Consequently, in the agrarian question and the agrarian crisis the heart of the matter is not simply the removal of obstacles to the advance of agricultural technique, but what way these obstacles are to be removed, what class is to effect this removal and by what methods. And it is absolutely necessary to remove the obstacles to the development of the country’s productive forces—necessary not only in the subjective sense of the word, but also in the objective sense, i.e.,. this removal is inevitable, and no power on earth can prevent it.

The mistake made by M. Shanin, as well as by many others who write on the agrarian question, is that he approached the correct thesis of the need to raise the level of farming technique in too abstract a fashion, failing to take account of the peculiar forms in which feudalist and capitalist features are interwoven in Russian agriculture. The main and. fundamental obstacle to the development of the productive forces in Russian agriculture is the survivals of serfdom, i, e., primarily labour service and bondage, then feudalist taxes, the peasant’s inequality in the matter of civic rights, his degraded status in relation to the higher estate of society, etc., etc. The elimination of these survivals of serfdom has long become an economic necessity, and the crisis in agriculture at the end of the nineteenth century has become so intensely aggravated precisely because the process of emancipating Russia from medievalism has been dragging out too long, because labour service and bondage have lingered too long.   They have been dying out since 1861 so slowly that the new organism has come to need violent means for ridding itself of them quickly.

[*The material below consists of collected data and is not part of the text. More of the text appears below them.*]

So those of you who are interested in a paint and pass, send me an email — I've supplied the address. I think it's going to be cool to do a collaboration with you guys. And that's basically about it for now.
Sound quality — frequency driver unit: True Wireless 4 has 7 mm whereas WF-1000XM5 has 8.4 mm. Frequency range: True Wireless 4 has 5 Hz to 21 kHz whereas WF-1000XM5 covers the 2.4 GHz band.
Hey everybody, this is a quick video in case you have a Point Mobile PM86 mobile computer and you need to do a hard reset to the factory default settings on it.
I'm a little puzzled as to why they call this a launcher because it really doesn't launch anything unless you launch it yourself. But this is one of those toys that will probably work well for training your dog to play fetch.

What is this new economic organism of Russian agriculture? We have tried above to show this in particular detail, because the economists in the liberal-Narodnik camp have particularly wrong ideas on this subject. The new economic organism that is hatching out of its feudalist shell in Russia is commercial agriculture and capitalism. The economics of landlord farming, when it is not being conducted on the basis of labour service or the bondage of the allotment-holding peasant, clearly reveal capitalist features. The economics of peasant farming—in so far as we are able to look inside the commune and see what is going on in real life despite the official equalisation of allotment land—again reveal purely capitalist features everywhere. Commercial agriculture is steadily growing in Russia in spite of all obstacles, and this commercial agriculture is inevitably being transformed into capitalist agriculture, although the forms of this transformation are diverse in the highest degree and vary from district to district.

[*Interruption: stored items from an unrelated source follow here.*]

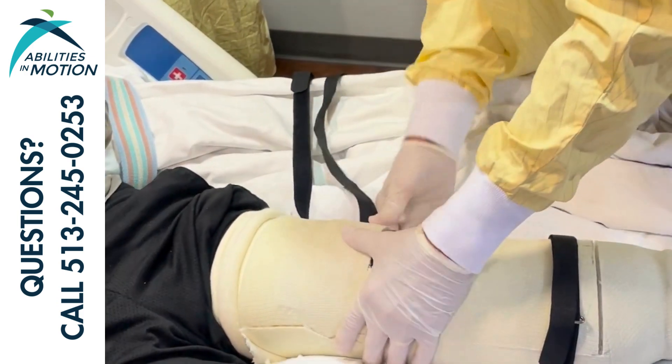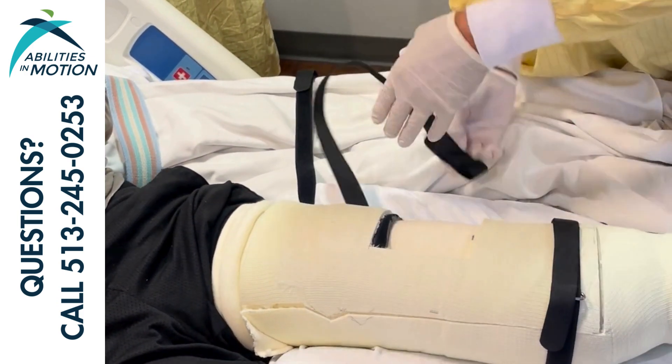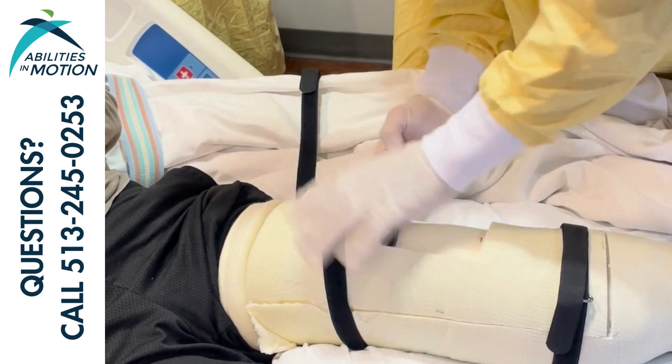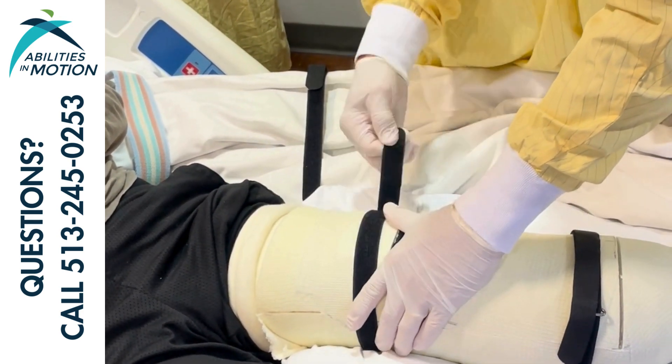Tom is now reapplying the straps to hold the lid of the IPOP in place. Notice as he does that, instead of yanking on the straps, he's tightening them while really pushing down with his hand to compress the lid of the IPOP against the base.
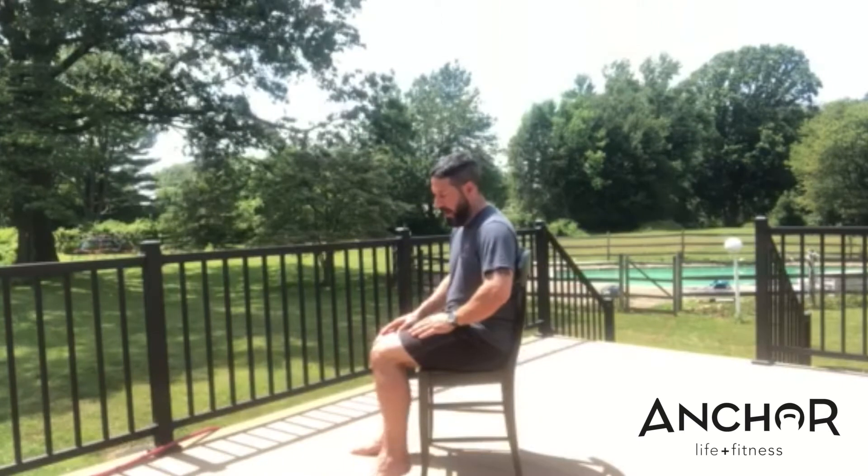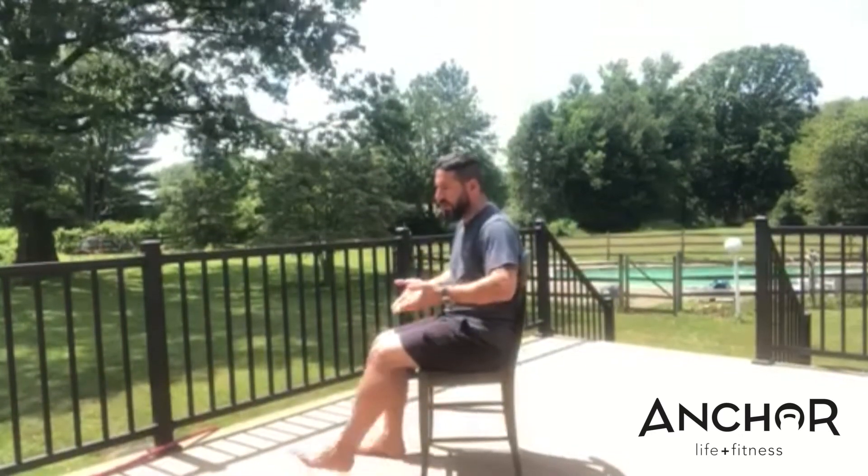Once you feel like that releases or relaxes a little bit, we're going to do what's called a pin and stretch. You're going to keep the ball where it is, then straighten your leg as much as you can, and then let the heel come back — just straighten and bend the knee.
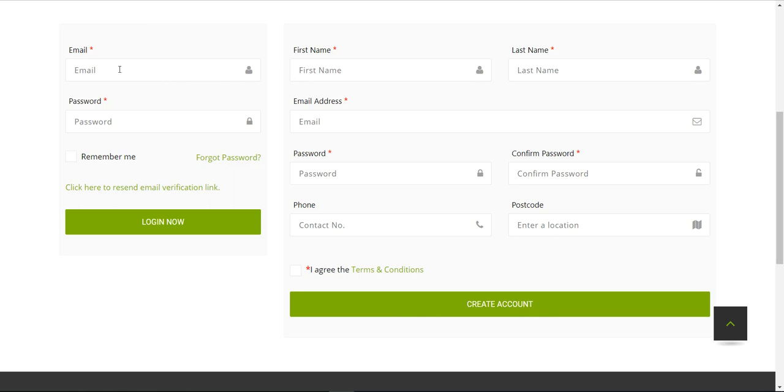Then you're able to come back to the site, enter your email address and password, tick the box to be remembered next time if you like, and click Login.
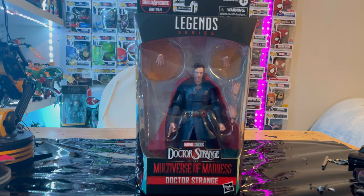Hello everyone, this is Hunter Collector here with another action figure review. We have the new Marvel Legends series Doctor Strange Multiverse of Madness Doctor Strange figure here.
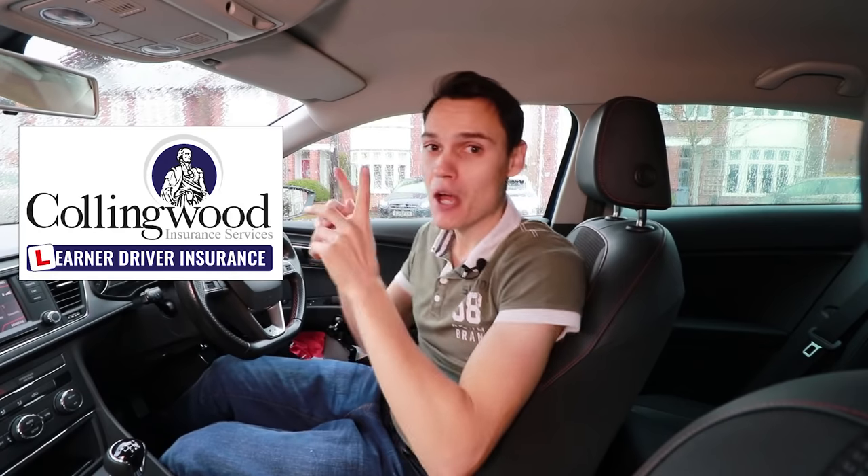This video is in affiliation with Collingwood Insurance, but more on that later. Today I'm going to talk about how long you should hold the clutch at the bite point when you're trying to get a manual car moving.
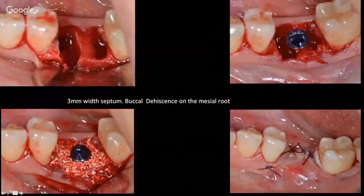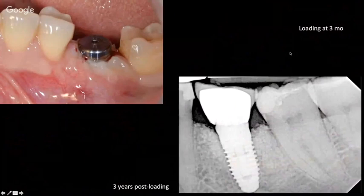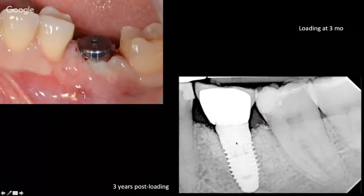What if we have a dehiscence on one of the roots? Can we still place the implant immediately? Yes, we can — in an ideal position using the same drilling sequence described. Fill the residual defect with bone. If it is a contained defect, we do not need a membrane; the socket will heal properly without one. Even with a small dehiscence on the mesial root, the bone placed in the residual socket is sufficient to support the implant and achieve good bone-to-implant contact. Close the wound primarily to prevent material loss.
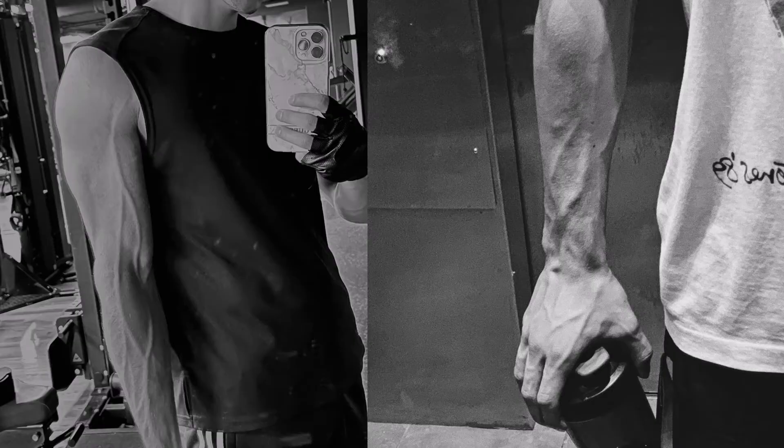The same tips apply to any other muscle group you want to make vascular, like your biceps, shoulders, and chest. Most people don't have much fat on their forearms so forearm veins are easy to see, but other muscle groups require a lower body fat percentage before you'll start seeing veins on them.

What should constitute that violent elimination of the medieval shell, which has become necessary for the further free development of the new economic organism? The abolition of medieval forms of landownership. In Russia, to this very day, ownership both by the landlords and, to a considerable extent, by the peasants is medieval. We have seen how the new economic conditions are breaking down this medieval framework and divisions in landowning, compelling the poor peasant to let his allotment which he has held from time immemorial, compelling the well-to-do peasant to build up his own comparatively large farm out of the fragments of different types of land: allotments, purchased land, land rented from the landlord. On the landed estate, too, its division into lands cultivated on the basis of labour service, rented to peasants on annual leases, and farmed on capitalist lines, shows that new systems of farming are being built up outside the framework of the old, medieval system of land ownership.

That system can be abolished at one stroke by a determined break with the past. Such a measure would be the nationalisation   of the land, which all the representatives of the peasantry were demanding, more or less consistently, in the period between 1905 and 1907. The abolition of private property in land in no way changes the bourgeois basis of commercial and capitalist landowning. There is nothing more erroneous than the opinion that the nationalisation of the land has anything in common with socialism, or even with equalised land tenure. Socialism, as we know, means the abolition of commodity economy. Nationalisation, on the other hand, means converting the land into the property of the state, and such a conversion does not in the least affect private farming on the land. The system of farming on the land is not altered by whether the land is the property or “possession” of the whole country, of the whole nation, just as the (capitalist) system of farming by the well-to-do muzhik is not altered by whether he buys land “in perpetuity”, rents land from the landlord or the state, or “gathers up” the allotment ’plots of impoverished, insolvent peasants. So long as exchange re mains, it is ridiculous to talk of socialism. The exchange of agricultural produce and means of production does not depend upon the forms of landowning at all. (I will remark in parenthesis that I am setting forth here only the economic significance of nationalisation, not advocating it as a programme; that I have done in the work referred to above.[1] )

As to equalisation, we have already shown above how it is applied in practice in the distribution of allotment land. We have seen that, within the commune, allotment land is distributed fairly equally, with only a slight tendency in favour of the rich peasants. But in the long run very little trace is left of this equalisation, owing to the fact that the poor let their land and that rented land is concentrated in the hands of the rich. Clearly, no equalisation of landholding is able to eliminate inequality in the actual use of the land, so long as there exist property differences among the peasants and a system of exchange which aggravates these differences.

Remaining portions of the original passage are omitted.